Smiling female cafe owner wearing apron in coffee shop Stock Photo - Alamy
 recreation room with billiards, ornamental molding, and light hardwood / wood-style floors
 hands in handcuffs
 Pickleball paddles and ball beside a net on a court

━━━━━━

**WORK REQUIRED**. A verbatim copy of the lines from the one with "hands in handcuffs" to the end of the listing is the whole answer.

**COMPLETED EXERCISE**.
 hands in handcuffs
 Pickleball paddles and ball beside a net on a court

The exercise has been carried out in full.